> [Stored data]:
>>>>>

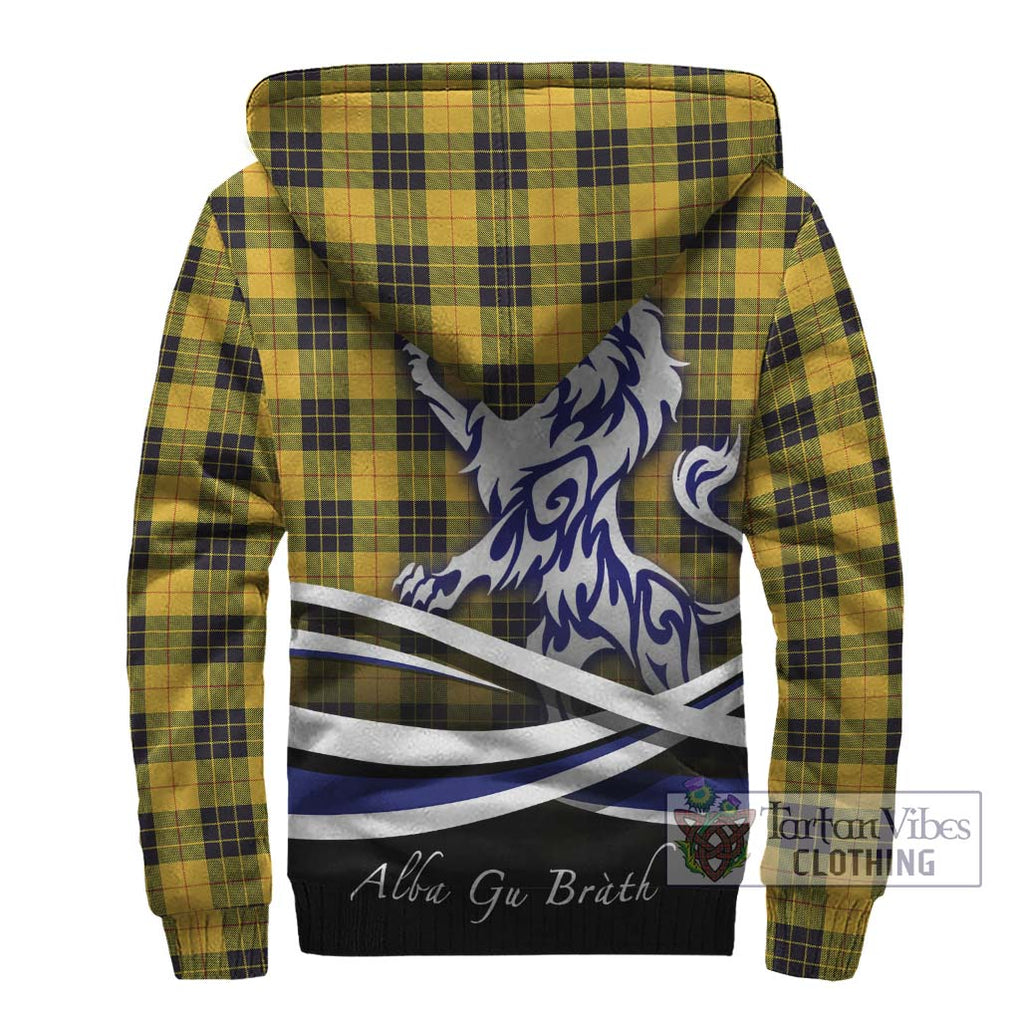 MacLeod of Lewis Ancient Tartan Sherpa Hoodie with Alba Gu Brath Regal Lion Emblem - Tartanvibesclothing Shop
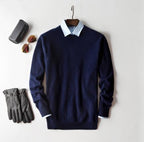 Pull Col Rond Uni À Manches Longues Pour Homme | Idéal Pour Un Usage Quotidien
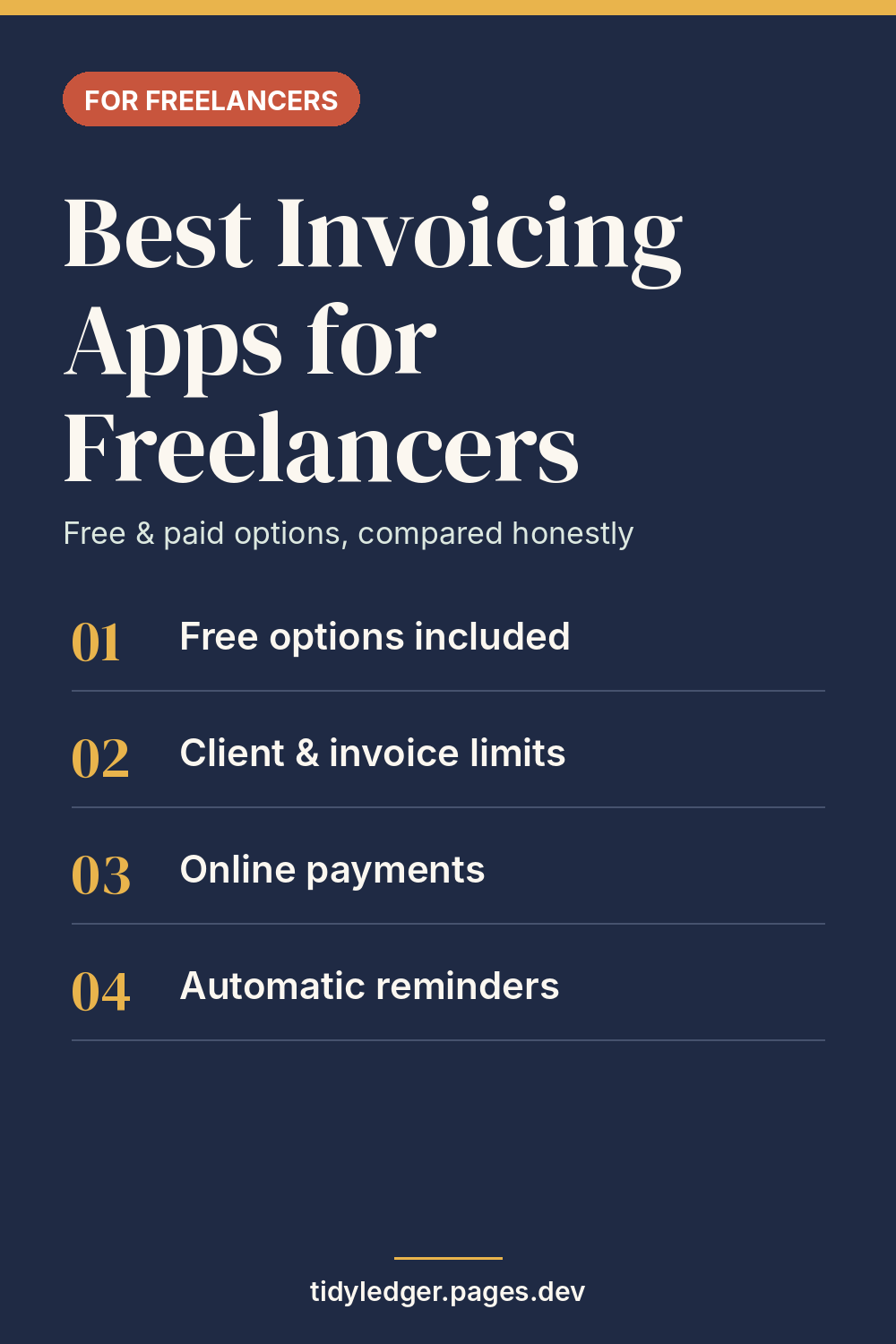 Best invoicing apps for freelancers: free and paid options compared, checklist graphic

<<<<<

> [Work instructions]: Skip every picture and transcribe the data above exactly.

> [Output for this exercise]:
 MacLeod of Lewis Ancient Tartan Sherpa Hoodie with Alba Gu Brath Regal Lion Emblem - Tartanvibesclothing Shop
 Pull Col Rond Uni À Manches Longues Pour Homme | Idéal Pour Un Usage Quotidien
 Best invoicing apps for freelancers: free and paid options compared, checklist graphic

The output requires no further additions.